### Task prompt
The expected output is the first line of the data below and every line after it, up to and including the line containing "Cover: The Female", each reproduced exactly.

### Data records
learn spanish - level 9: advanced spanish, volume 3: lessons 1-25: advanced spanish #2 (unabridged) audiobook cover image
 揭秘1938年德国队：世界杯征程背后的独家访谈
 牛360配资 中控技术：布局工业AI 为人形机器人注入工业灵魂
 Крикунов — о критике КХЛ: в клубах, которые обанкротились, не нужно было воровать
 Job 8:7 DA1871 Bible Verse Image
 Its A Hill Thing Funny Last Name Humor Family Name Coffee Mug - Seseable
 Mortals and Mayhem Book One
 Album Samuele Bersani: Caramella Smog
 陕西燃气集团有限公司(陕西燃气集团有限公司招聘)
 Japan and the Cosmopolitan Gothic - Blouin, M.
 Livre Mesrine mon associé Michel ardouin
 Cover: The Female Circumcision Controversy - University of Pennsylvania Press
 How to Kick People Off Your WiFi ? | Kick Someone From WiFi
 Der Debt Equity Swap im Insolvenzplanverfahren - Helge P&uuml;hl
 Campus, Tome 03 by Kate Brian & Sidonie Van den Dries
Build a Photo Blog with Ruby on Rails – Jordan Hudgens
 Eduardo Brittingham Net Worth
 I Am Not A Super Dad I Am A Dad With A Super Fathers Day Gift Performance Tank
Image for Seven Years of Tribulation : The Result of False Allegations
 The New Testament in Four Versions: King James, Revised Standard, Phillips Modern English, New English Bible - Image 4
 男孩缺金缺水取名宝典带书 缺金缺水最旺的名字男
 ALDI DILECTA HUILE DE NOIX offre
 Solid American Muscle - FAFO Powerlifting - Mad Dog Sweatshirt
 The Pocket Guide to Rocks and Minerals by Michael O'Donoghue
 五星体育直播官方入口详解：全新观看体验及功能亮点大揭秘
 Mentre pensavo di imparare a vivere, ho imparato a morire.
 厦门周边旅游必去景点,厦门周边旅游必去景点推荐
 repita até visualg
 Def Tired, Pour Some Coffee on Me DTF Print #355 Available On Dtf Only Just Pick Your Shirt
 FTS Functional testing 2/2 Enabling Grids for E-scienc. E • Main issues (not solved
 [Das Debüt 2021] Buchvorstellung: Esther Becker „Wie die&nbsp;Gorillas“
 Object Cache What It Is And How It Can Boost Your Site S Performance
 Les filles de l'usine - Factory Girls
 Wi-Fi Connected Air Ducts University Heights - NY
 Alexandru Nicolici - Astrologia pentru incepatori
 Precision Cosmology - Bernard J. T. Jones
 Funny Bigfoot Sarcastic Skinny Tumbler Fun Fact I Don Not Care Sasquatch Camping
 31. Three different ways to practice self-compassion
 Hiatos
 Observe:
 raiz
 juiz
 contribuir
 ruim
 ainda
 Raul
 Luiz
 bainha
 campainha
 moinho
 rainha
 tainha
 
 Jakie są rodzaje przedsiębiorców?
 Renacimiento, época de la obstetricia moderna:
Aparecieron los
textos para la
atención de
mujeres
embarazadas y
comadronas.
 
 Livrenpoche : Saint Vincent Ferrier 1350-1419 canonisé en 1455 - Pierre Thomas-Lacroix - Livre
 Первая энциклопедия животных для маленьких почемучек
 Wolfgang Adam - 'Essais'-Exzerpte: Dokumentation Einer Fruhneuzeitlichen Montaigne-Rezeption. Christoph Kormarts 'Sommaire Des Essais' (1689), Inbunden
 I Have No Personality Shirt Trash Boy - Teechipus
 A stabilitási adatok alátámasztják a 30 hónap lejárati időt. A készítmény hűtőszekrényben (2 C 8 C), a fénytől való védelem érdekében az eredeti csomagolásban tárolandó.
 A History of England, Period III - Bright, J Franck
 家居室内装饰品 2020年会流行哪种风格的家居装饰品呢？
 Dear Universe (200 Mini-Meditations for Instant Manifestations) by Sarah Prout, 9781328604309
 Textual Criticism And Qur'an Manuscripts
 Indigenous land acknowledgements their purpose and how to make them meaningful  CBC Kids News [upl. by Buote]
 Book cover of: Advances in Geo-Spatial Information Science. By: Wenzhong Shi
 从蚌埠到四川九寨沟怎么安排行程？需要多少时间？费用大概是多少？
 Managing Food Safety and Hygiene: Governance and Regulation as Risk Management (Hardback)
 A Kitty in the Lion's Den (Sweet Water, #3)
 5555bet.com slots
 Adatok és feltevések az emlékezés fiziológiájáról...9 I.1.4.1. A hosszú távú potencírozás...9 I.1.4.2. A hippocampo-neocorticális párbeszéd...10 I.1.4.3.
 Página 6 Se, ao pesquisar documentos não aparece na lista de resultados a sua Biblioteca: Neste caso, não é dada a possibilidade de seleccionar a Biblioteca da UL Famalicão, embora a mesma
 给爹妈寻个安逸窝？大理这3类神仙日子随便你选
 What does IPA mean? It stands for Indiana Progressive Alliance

### Answer space
learn spanish - level 9: advanced spanish, volume 3: lessons 1-25: advanced spanish #2 (unabridged) audiobook cover image
 揭秘1938年德国队：世界杯征程背后的独家访谈
 牛360配资 中控技术：布局工业AI 为人形机器人注入工业灵魂
 Крикунов — о критике КХЛ: в клубах, которые обанкротились, не нужно было воровать
 Job 8:7 DA1871 Bible Verse Image
 Its A Hill Thing Funny Last Name Humor Family Name Coffee Mug - Seseable
 Mortals and Mayhem Book One
 Album Samuele Bersani: Caramella Smog
 陕西燃气集团有限公司(陕西燃气集团有限公司招聘)
 Japan and the Cosmopolitan Gothic - Blouin, M.
 Livre Mesrine mon associé Michel ardouin
 Cover: The Female Circumcision Controversy - University of Pennsylvania Press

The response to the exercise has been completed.